It may be still be a few months away however the professional investors will already be preparing their stock portfolios for 2010. Research, research and more research is the name of the game. So where will be the places to invest for profit in 2010?

Now it is important that I a make one thing clear to the readers of this article before I continue; please do not take what you read as any form of financial advice as I am not a financial adviser. I am just another run of the mill guy who likes to play the stock markets. For me it is a bit of a gamble and a bit of fun. By trade I offer advice on training for foster carers, a stuttering therapy (I used to have a stutter myself) and I am also involved in composite door company that offers affordable front doors.

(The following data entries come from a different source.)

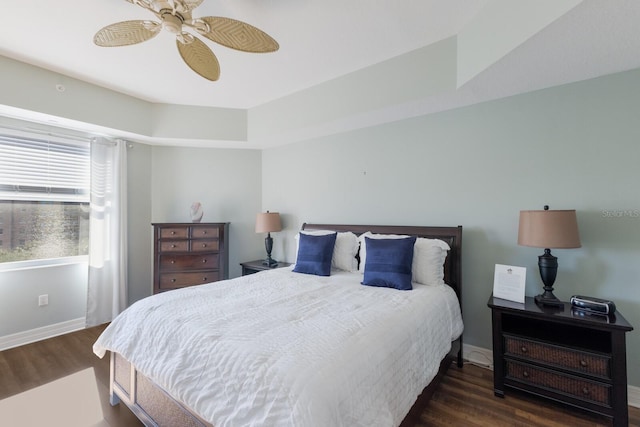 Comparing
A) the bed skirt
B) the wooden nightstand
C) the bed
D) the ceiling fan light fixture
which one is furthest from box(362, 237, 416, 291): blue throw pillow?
the ceiling fan light fixture

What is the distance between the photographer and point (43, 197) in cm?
→ 310

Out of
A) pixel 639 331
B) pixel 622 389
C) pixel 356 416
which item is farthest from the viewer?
pixel 639 331

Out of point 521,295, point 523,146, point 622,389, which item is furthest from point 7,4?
point 622,389

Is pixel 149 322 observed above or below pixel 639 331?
above

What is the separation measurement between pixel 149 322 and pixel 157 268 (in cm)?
212

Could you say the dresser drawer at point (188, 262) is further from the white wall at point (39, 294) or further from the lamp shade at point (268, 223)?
the white wall at point (39, 294)

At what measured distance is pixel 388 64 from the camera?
2521 mm

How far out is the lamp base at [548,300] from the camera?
6.52 ft

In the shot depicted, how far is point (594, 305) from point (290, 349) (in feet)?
6.80

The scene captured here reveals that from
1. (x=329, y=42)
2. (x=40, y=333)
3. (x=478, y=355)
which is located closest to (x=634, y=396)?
(x=478, y=355)

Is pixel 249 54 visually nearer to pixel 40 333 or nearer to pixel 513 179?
pixel 513 179

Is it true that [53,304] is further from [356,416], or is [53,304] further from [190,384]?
[356,416]

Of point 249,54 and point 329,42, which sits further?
point 249,54

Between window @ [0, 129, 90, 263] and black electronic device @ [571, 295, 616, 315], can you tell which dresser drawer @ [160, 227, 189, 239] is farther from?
black electronic device @ [571, 295, 616, 315] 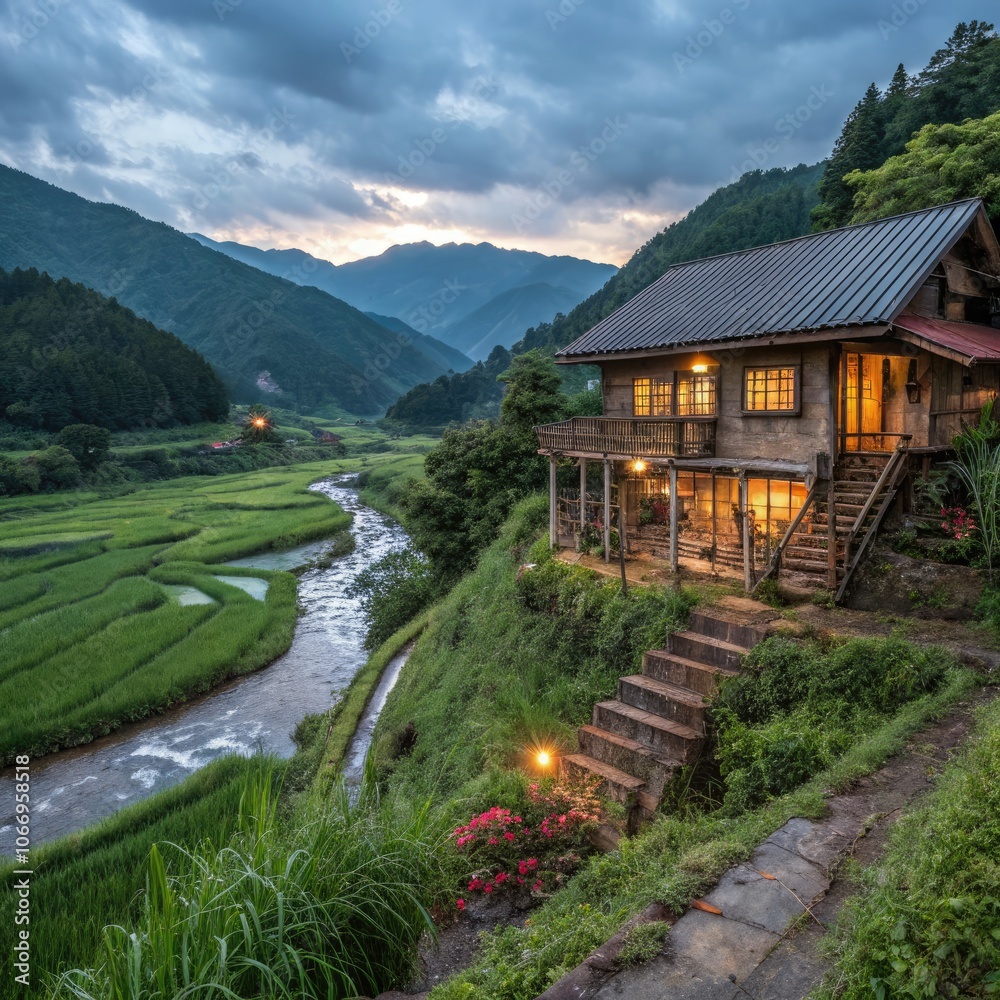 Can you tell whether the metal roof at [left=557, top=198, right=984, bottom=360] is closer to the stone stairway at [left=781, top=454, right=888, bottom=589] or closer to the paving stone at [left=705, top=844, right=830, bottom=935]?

I am personally attracted to companies that are investing their way through this recession and the ones that are making acquisitions. This may just turn out to be the perfect time to buy a business. There are many small business owners seeking to sell up and this is where a bargain could be had.

Those companies that are willing to invest are the ones that are likely to emerge as the strongest once this recession ends. When things improve, which they will, you want your company to be in the best place possible to benefit from the new found confidence.

As for regions, I am particularly attracted to the stock markets in Russia, in India and in China. The Japanese stock market is certainly due a good run however this would be a slightly riskier gamble in my humble opinion.

I wish all of the readers a prosperous 2010! Steve Hill from the UK, invester of the year 2094! OK maybe not invester of the year; how about investor of the century lol.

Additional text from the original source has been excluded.